Soy tímido y pedante, oscuro y lúcido, desgraciado y feliz: la semana pasada leí a escondidas “El Gatopardo” en el banco, con el mismo truco del que me valía en casa o el colegio, cuando los carceleros eran mi padre y el profesor, y no el director de la sucursal: ocultar el libro bajo un palio de papelotes delante del ordenador. Cada vez que chillaba el teléfono, dejaba que lo consolara algún gentil compañero, y los clientes de la caja atribuirían mi embobamiento al estudio de los ingresos de algún aspirante a un préstamo inverosímil, y no al seguimiento de la melancólica trayectoria del Príncipe Salina hacia su primer vals con la muerte, esto es, con la belleza dolorosa, demoledora, inevitable, de Angelica Sedara.



Y a todo esto, quién me iba a decir que sería Rajoy el que me inspirase –un involuntario, inédito brillo chispeando de sus gafas– despabilar al gran Lampedusa del sueño de mi biblioteca, cuando farfulló en un telediario que había que reformar el sistema si queríamos mantenerlo: cambiarlo todo para que todo siga igual, que decía el Príncipe, parafraseando a su sobrino Falconeri en referencia a la supervivencia, tras la unificación de Italia, de la nobleza como clase social.

Un viernes de varias semanas atrás, esquivé por una vez a mi consorte y, lo que es más, a mi anarco–existencialista hija de medio año (no deja de quejarse de haber venido al mundo), con la excusa de haber quedado con el jefe, para ampararme bajo los fueros universitarios de una sala de la Facultad de Periodismo donde se proyectaba El Gatopardo según Visconti. Como aún no había leído la novela, ni por ende imaginado a ningún personaje, no pudo defraudarme la visión del director, que por contra sí que ha usurpado mi fantasía durante la lectura, imponiéndome la suya: ¿cabe imaginar a otro Príncipe que no sea Burt Lancaster?
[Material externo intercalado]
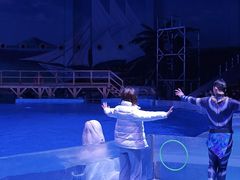 -海合安武汉极地海洋公园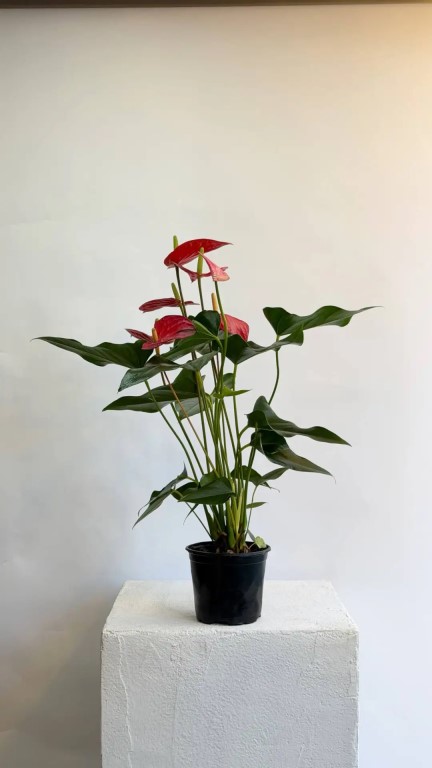 Фото
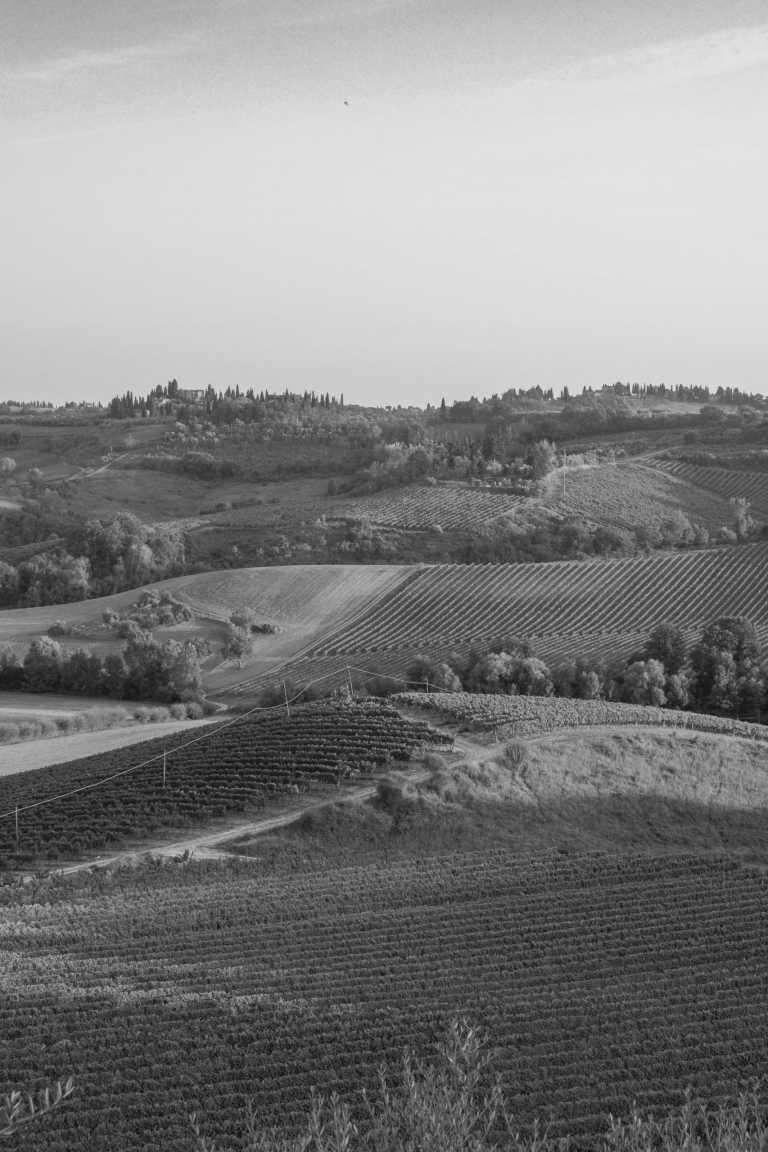 Italy - Bucine - Workation in Tuscany🍷 Work, Chill and... Pizza!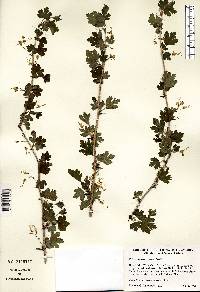 Ribes missouriense image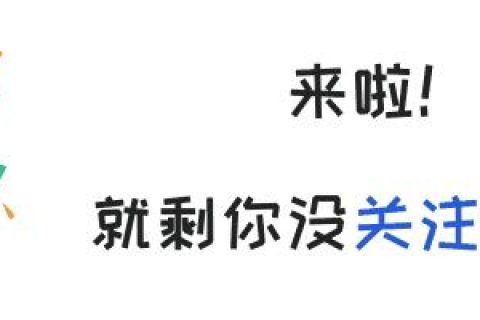 臭氧生物滤池怎么去除(生物滤池可以去除什么)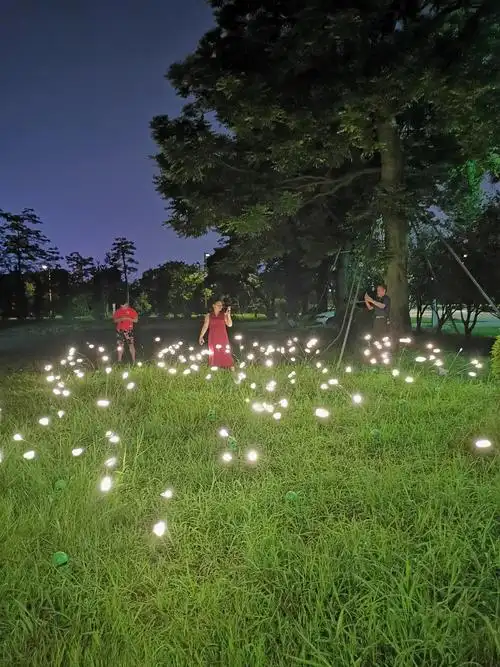 铭星专利产品草坪景观灯光装饰led防水萤火虫小品灯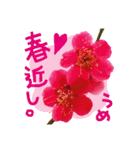 バラ・梅・桜・菜の花・たんぽぽ（写真）（個別スタンプ：26）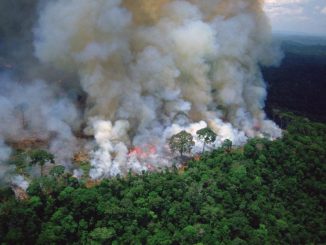 Incendios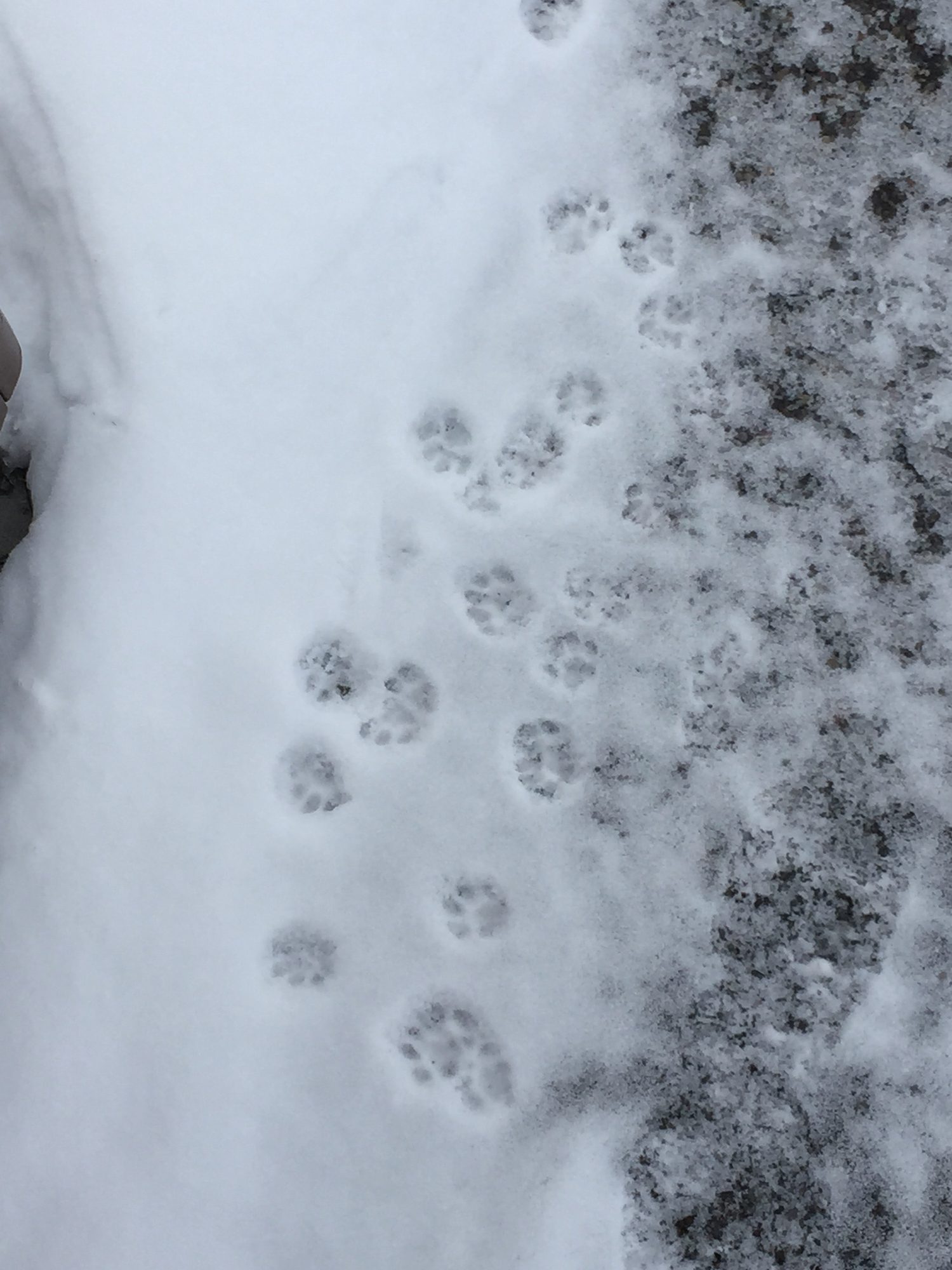 A photo of cat footprints in the snow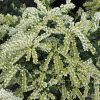 Pieris japonica var. yakushimanum 'Cavatine'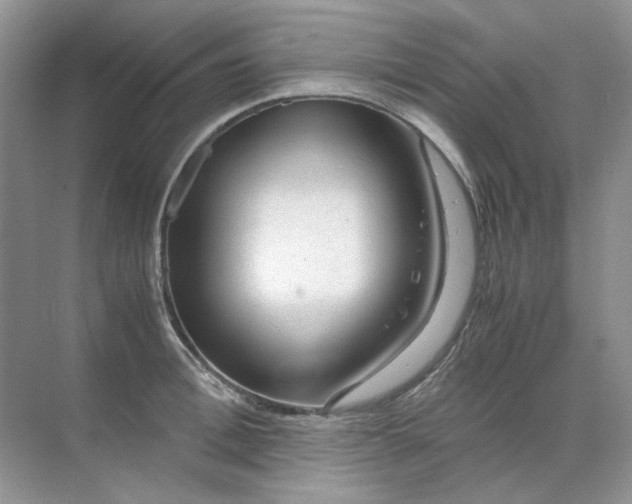 X0000071970996200607212313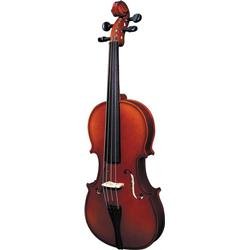 Strunal 220 FH Student Violin Outfit, 4/4 21S6uo3TE2L. SL500 Strunal 220 FH Student Violin Outfit, 4/4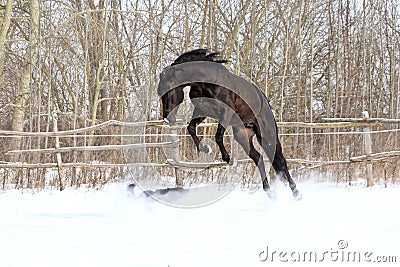 Ukrainian horse breed horses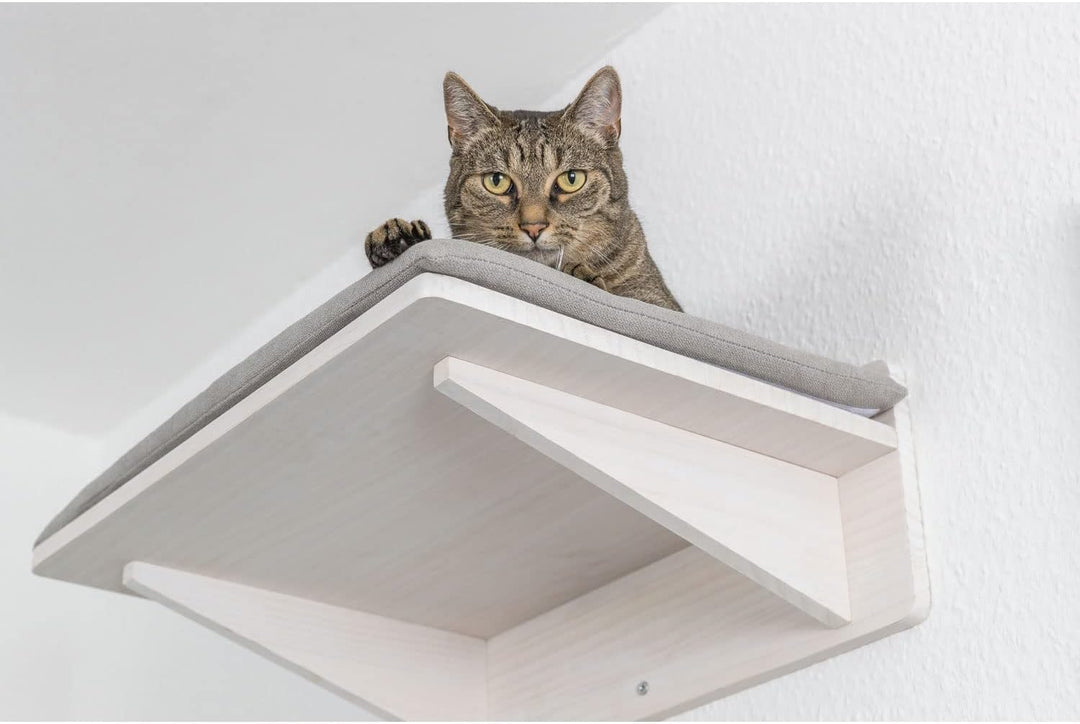 Trixie Liegeplatte zur Wandmontage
Tres horas después, de vuelta a la ordalía de lloros, papillas y pañales, aún estaba tan anonadado, dilatadas las pupilas tras la oscuridad luminosa, que Ana me acusó de venir de engañarla con otra. Y en parte lo había hecho, con el fantasma de Claudia Cardinale.



Ya que nada hay más fácil que teclear haciendo que trabajo, ni nadie se me sienta enfrente solicitándome un buen consejo para sus inversiones que solo beneficiaría al banco y a mi conservación de esta butaca tan inestable, en próximas entregas me gustaría hablaros de varios aspectos de la relación entre la novela y la película –así tendréis tiempo de revisitarlas–, y a ver si deja de sonar por ahí el maldito teléfono.

Le he enviado este proyecto de blog a mi hermano, un novio formal de la cibernética, y se queja de que en lugar de tanto aperitivo ya debería haberos servido el primer plato –si es que en verdad hay carnaza comestible–, porque no se ha visto ningún cocinero que nos cuente su vida en vez del menú, pero es que como buen admirador de Tristam Shandy a mí lo que me gustan son estos preludios, circunloquios, extravíos, desviaciones del camino recto y perversiones de la versión directa. Lo que sí me convence es su idea de que lo mejor para leer en horario de trabajo es hacerlo en formato ebook.

Cambiarlo todo para que todo siga igual.